While robot.txt files for SEO manage the accessibility of your content to search engines, it’s important to note that they don’t provide indexing instructions because the directives are for your website as a whole, not individual webpages. The five most common terms for robots.txt directive are:
- User-agent: This should always be the first line in your robots.txt file since it refers to the specific web crawlers that should follow your directive.
- Disallow: This is the command that tells user-agents not to crawl your webpage. You can only include one “disallow” line for each URL.
- Allow: This directive is only applicable to Googlebot — it tells Googlebot it can access a specific webpage even if its parent page is disallowed.

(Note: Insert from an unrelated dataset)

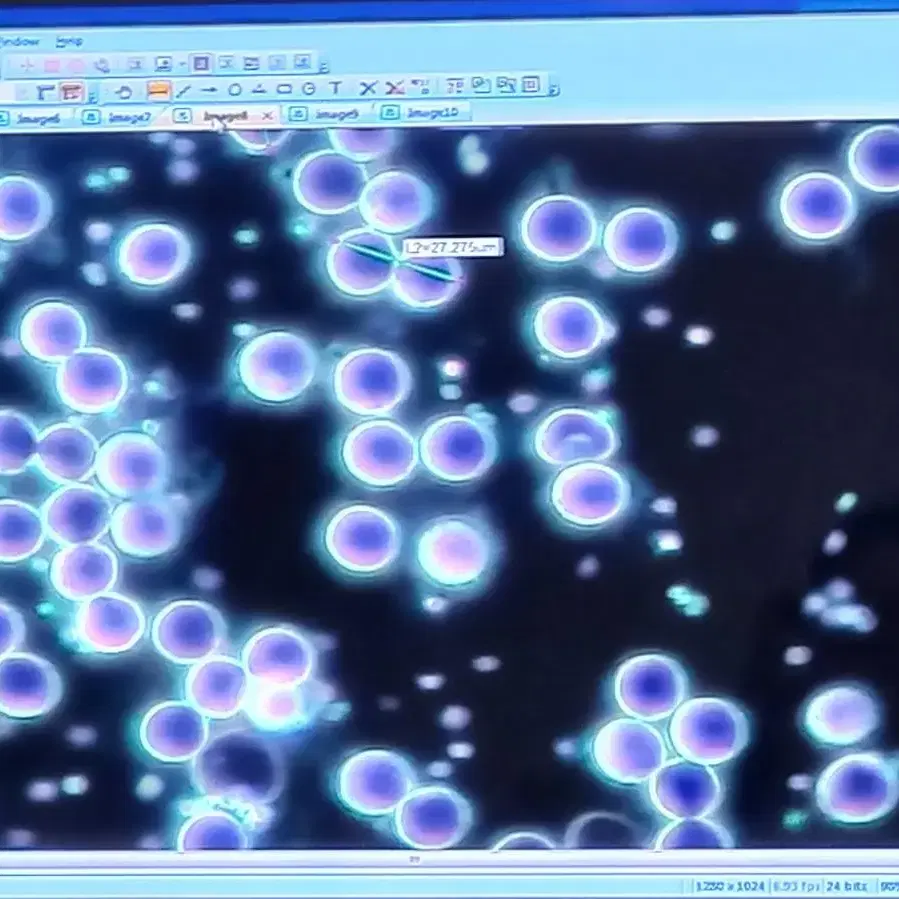 3안위상차현미경  생혈액  적혈구 백혈구
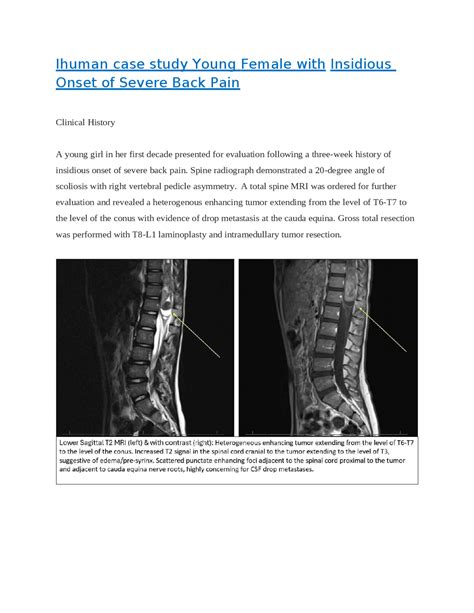 Ihuman case study: Young Female with Insidious Onset of Severe Back ...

- Crawl-delay: This specifies how long a crawler should wait before loading and crawling your page content. Googlebot doesn’t acknowledge this term, however, you can set the crawl rate for your webpage in Google Search Console.
- Sitemap: This term is used to point out the location of any XML sitemap(s) associated with a particular URL. This directive is only acknowledged by Google, Ask, Bing, and Yahoo.
- $ : This can be used to match the end of a URL.
- *: This can be used as a wildcard to represent any sequence of characters.
Which is Better for SEO: Meta Robots Tags vs. Robot.txt?
This wound up being a bit of a trick question because both are important for your site’s SEO.
Since meta robots tags and SEO robots.txt files aren’t truly interchangeable, you’ll need to use both to provide the correct parameters for site crawlers. As Search Engine Journal puts it, “Robots.txt files instruct crawlers about the entire site. While meta robots tags get into the nitty-gritty of a specific page [on a website].”
For example, if you want to deindex one of your web pages from Google’s SERPs, it’s better to use a “Noindex” meta robots tag rather than a robots.txt directive. If you’re looking to block entire sections of your website from showing up on SERPs, using a disallow robots.txt file is the better choice.